# Designing a Speed Measurement System Using Altair Embed

In a series of previous blog posts, we have been using the power of Altair to simulate the necessary subsystems of a small robotic car as we progress through the process of constructing it in the real world.

Previously, we designed and constructed an encoder subsystem so that we can generate a square wave representing the angular frequency of the drive tires. Figure 1 shows a reminder of the encoder we created and the output of this portion of the project. In this post, we will continue this work to transform this signal into useful information. This will involve two main steps: devising a method to read the frequency from the encoder and converting that frequency into a linear velocity.

Fig 1. Encoder Wheel (left) and encoder subsystem output signal (right).

## Step One: Reading Frequency from the Encoder

There are many approaches available to convert this signal into a linear speed; a common approach for this scale of project is to use a frequency-to-voltage converter. The integrated circuit (IC) that I had on hand for this task was an LM2907, which can be used, in conjunction with a simple circuit of passive elements, to convert a known frequency range to a known voltage range in a linear fashion. The sample schematic for this circuit is shown in Figure 2 below. However, this encoder outputs a relatively low frequency (approximately 15 Hz at max speed), which makes it challenging to use the LM2907 due to the very large values needed for passive components.

Fig 2. Sample tachometer schematic using LM2907 IC.

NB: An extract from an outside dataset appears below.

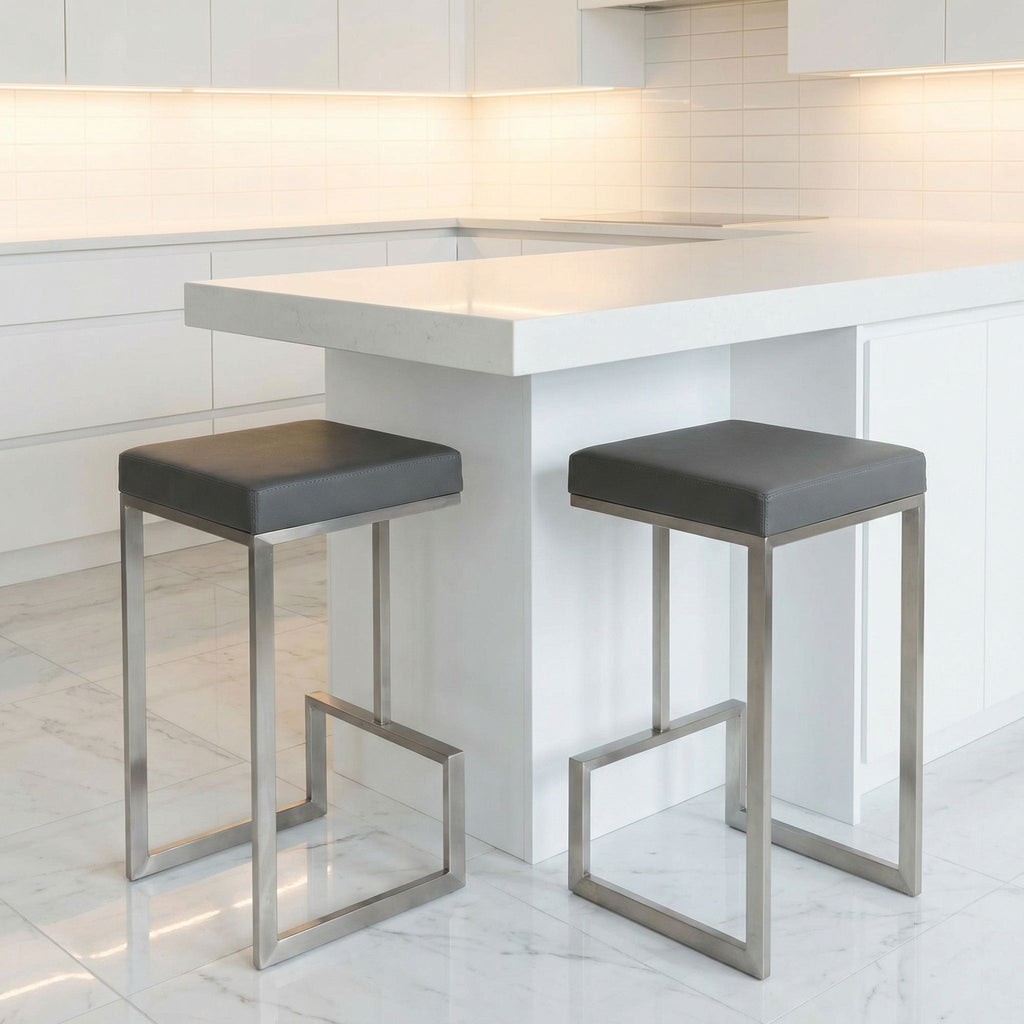 Ares Counter Height Stools in Brushed Stainless Steel, Set of 2, Grey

Instead, we will use a digital approach to measure this signal. We can get a very good approximation using a microcontroller to read the time between peaks in our encoder output signal. We will use **Altair Embed** to assist in the design and simulation of this measurement. **Embed** is a powerful software that uses a ‘block diagram’ interface to create and analyze the performance of embedded systems, and it has true hardware-in-the-loop (HIL) simulation capabilities. To begin this phase, we will use the software to generate a representative square wave in place of the output of the encoder. Figure 3 shows the signal that we will use, and there are a few things to note: we can use a combination of the multiplication and summing junctions to scale the square wave to the same range as our real-world values (2 V – 5 V), and there is no noise in this simulated signal. That is acceptable for our purposes, as we will only consider when the signal switches from a high voltage to a low voltage.

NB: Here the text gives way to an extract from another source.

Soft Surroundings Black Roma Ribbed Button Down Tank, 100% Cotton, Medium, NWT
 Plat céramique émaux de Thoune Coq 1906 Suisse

Fig 3. Simulation setup in **Altair Embed** to generate encoder output.

To extract the useful information from this signal, we will implement a crossing detection block, and we will specify the crossover value to be halfway point between the two extremes of the input signal (3.5 V is the middle of 2 V and 5 V). Traditionally, this block will produce a positive value if the signal is going up when it crosses 3.5 V, and a negative value when it is decreasing through the crossover value. We are only interested in seeing one ‘spike’ per cycle, so we will limit this output to remain positive. Figure 4 depicts this setup, comparing the input signal and the output cycle detector; we can use a variable block to save this signal as “0x-trigger” or our ‘zero-crossing’ trigger, which generates a pulse for each whole cycle.

Fig 4. Pulse train generated by cycle detection in encoder signal in **Altair Embed**.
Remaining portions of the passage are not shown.